Infelizmente, esse pensamento é alimentado pela maioria dos políticos brasileiros, principalmente pelo atual presidente. Lula, para defender mais despesas, se coloca acima dos conceitos básicos de contabilidade e economia, não fazendo distinção alguma entre gastos de custeio e investimentos. E não para por aí. Para justificar mais gastos, argumenta que os EUA e o Japão são mais endividados que o Brasil.

De fato, esses países têm uma relação dívida PIB maior que a brasileira. No entanto, há diferenças importantes. A primeira é sobre a credibilidade. A confiança na economia americana ou japonesa é muito maior do que na nossa. Assim, mesmo com maior endividamento, eles têm muito mais capacidade de emprestar dinheiro de investidores e rolar essa dívida. A segunda, especificamente válida no caso americano, é o privilégio de serem o país emissor de dólar. Em último caso, conseguem financiar sua dívida com emissão de dólares, gerando evidentemente inflação mundial. Terceiro, o superendividamento deles também traz problemas para esses países.
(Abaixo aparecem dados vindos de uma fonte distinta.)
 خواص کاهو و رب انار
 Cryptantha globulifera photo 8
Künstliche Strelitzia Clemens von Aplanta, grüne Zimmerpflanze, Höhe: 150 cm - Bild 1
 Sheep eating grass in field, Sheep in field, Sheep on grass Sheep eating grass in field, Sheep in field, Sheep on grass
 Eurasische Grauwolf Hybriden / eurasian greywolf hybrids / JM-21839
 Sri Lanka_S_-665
O ponto central é que o patamar de endividamento brasileiro é perigoso, e não tomamos nenhuma medida para conter isso. Para piorar, surgem crises internacionais, pandemias e catástrofes naturais que nos forçam a gastar mais. Se tivéssemos responsabilidade fiscal em períodos de bonança, haveria muito mais dinheiro e capacidade de endividamento para lidar com os desastres naturais, como este do Rio Grande do Sul. Além disso, as consequências econômicas da elevação necessária do gasto público em combate a tragédias seriam menos indolores.
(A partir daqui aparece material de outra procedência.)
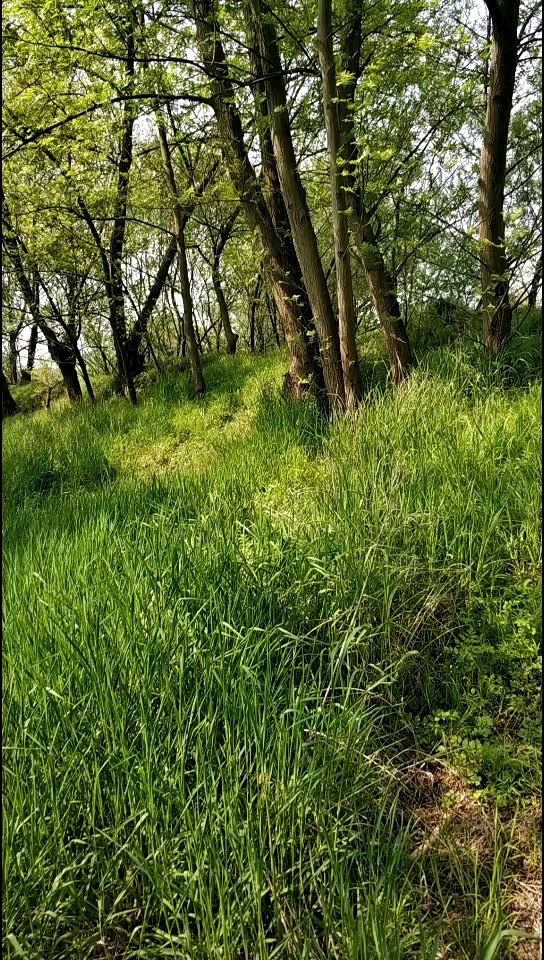 喜欢家乡的一草一木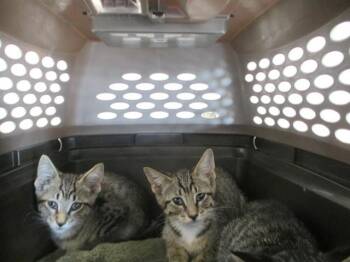 SUB ZERO -  Domestic Short Hair Cat for Adoption in Ocala, Florida - SUB ZERO | PetCurious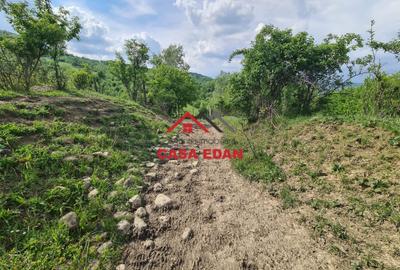 Teren intravilan in Poiana Campina--1954mp--23.500e - 7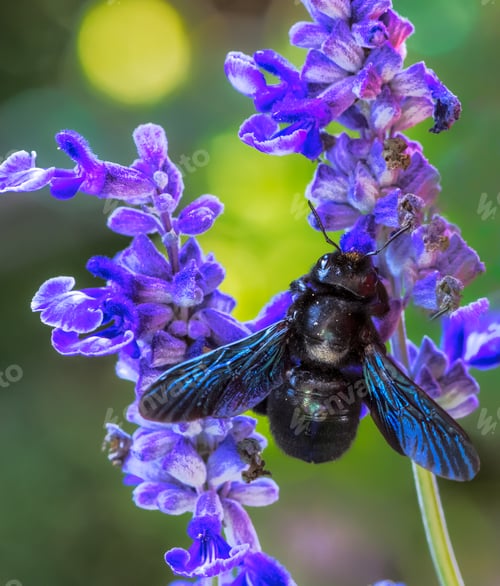 Preview: Violet carpenter bee on a sage flower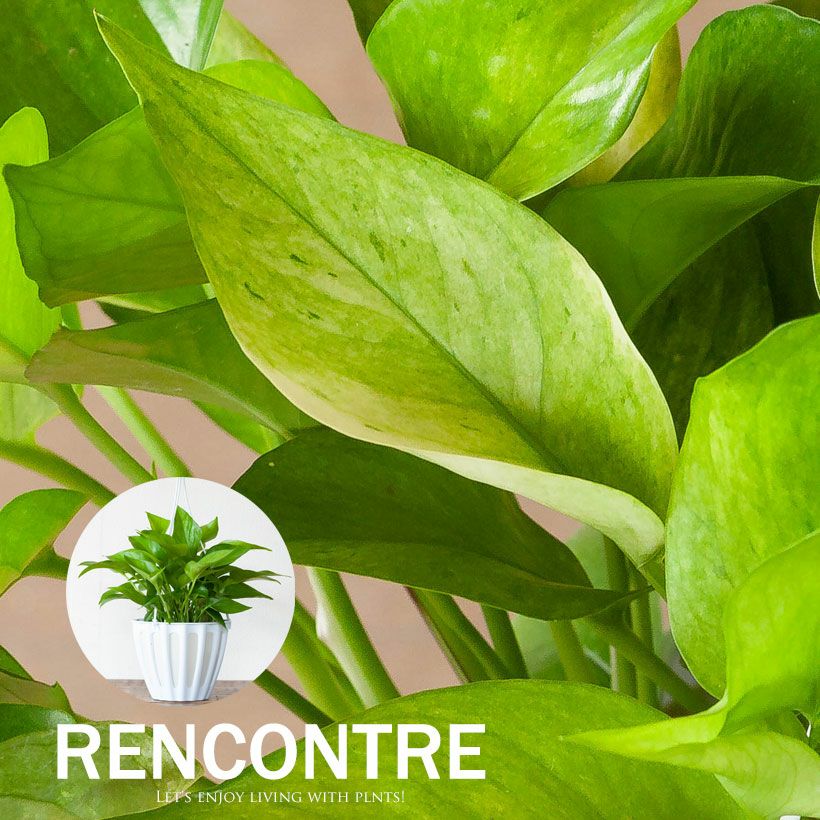 ポトスランコントル｜テルノワールド新品種フランス語で「出会い」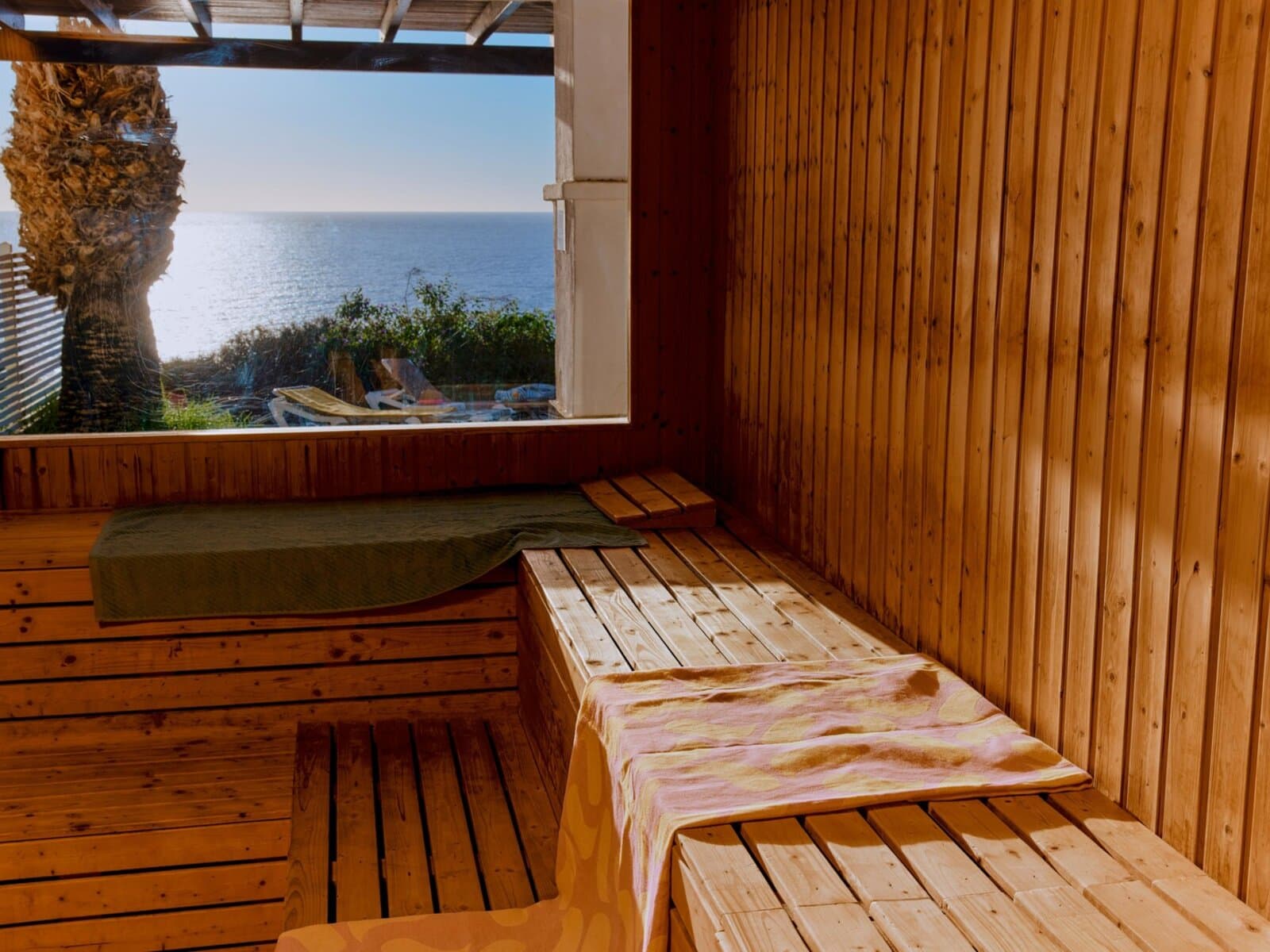 Wellness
Esta simples constatação é de difícil entendimento para burocratas, tecnocratas e políticos brasileiros. Acreditam que dinheiro é infinito e não fruto da produção de bens e serviços. Não entendem que o orçamento é limitado e que o dinheiro do governo é nosso, fruto da cobrança de impostos da riqueza gerada pela sociedade ou de empréstimos contraídos com ela. Não compreendem que não existe responsabilidade social sem responsabilidade fiscal.